**Problem to solve:** Apart from the pictures, print the data below exactly as given.

**Stored data:**
+++++

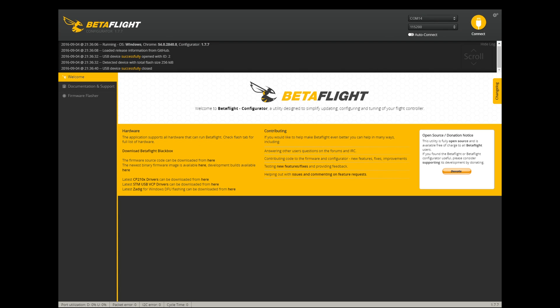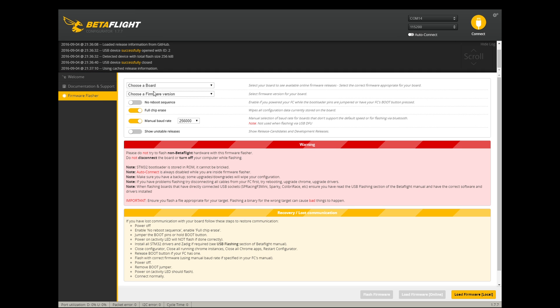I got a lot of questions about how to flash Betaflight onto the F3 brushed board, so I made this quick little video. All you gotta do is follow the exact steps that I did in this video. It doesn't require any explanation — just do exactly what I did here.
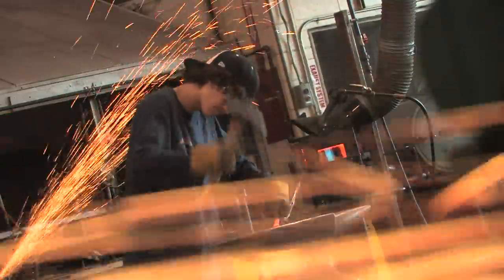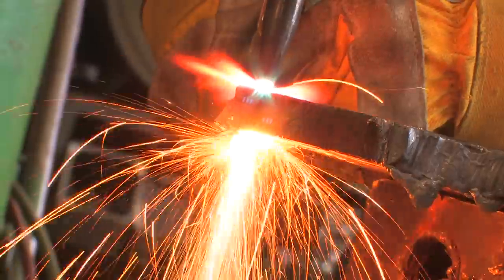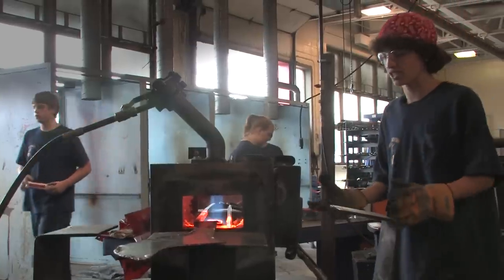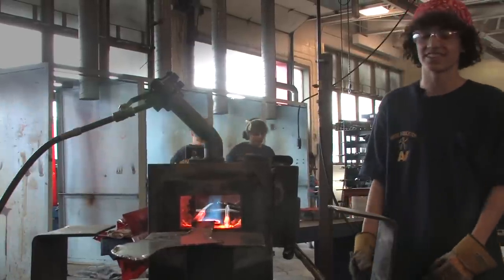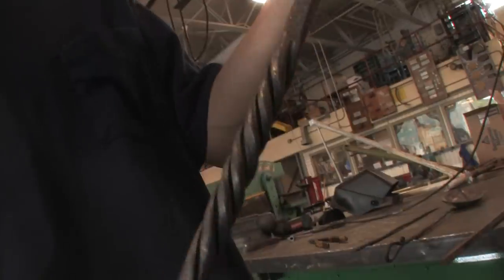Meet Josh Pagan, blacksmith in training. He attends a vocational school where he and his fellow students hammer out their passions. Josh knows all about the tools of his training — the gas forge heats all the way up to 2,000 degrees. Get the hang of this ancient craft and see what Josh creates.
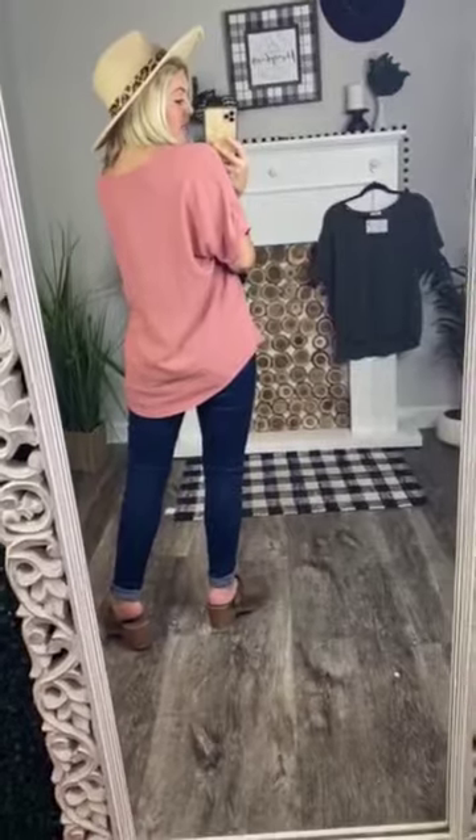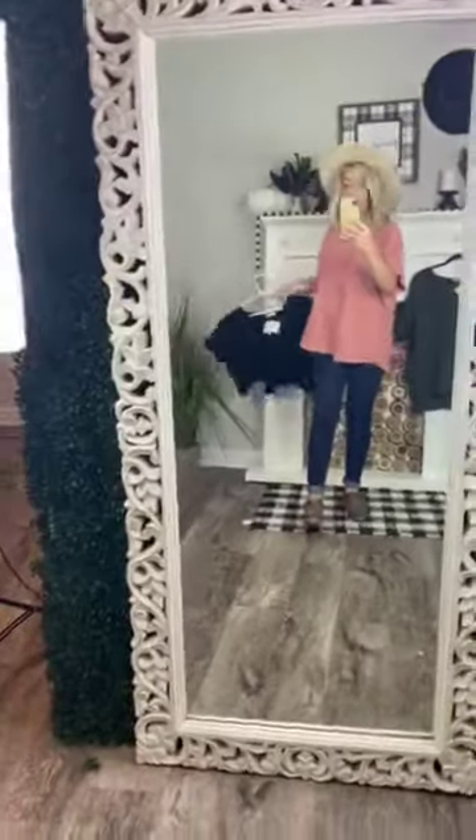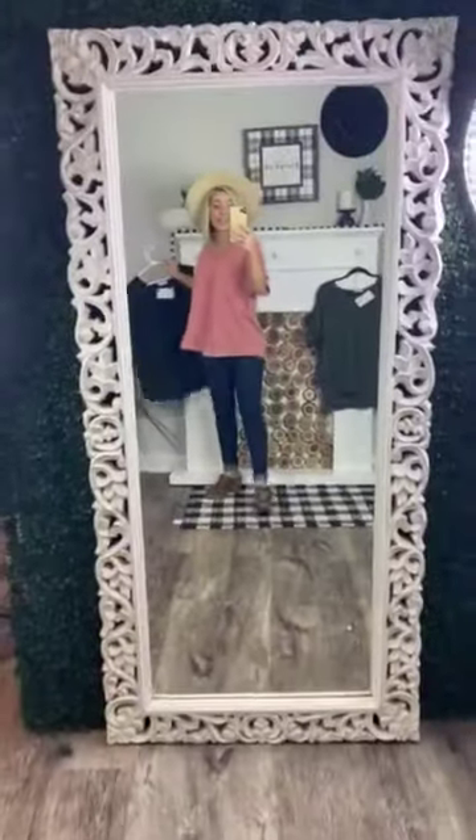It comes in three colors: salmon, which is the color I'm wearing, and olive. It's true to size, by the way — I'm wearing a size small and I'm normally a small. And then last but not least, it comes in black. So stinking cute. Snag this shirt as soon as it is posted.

+++++

**Finished task:**
I got a lot of questions about how to flash Betaflight onto the F3 brushed board, so I made this quick little video. All you gotta do is follow the exact steps that I did in this video. It doesn't require any explanation — just do exactly what I did here.
Meet Josh Pagan, blacksmith in training. He attends a vocational school where he and his fellow students hammer out their passions. Josh knows all about the tools of his training — the gas forge heats all the way up to 2,000 degrees. Get the hang of this ancient craft and see what Josh creates.
It comes in three colors: salmon, which is the color I'm wearing, and olive. It's true to size, by the way — I'm wearing a size small and I'm normally a small. And then last but not least, it comes in black. So stinking cute. Snag this shirt as soon as it is posted.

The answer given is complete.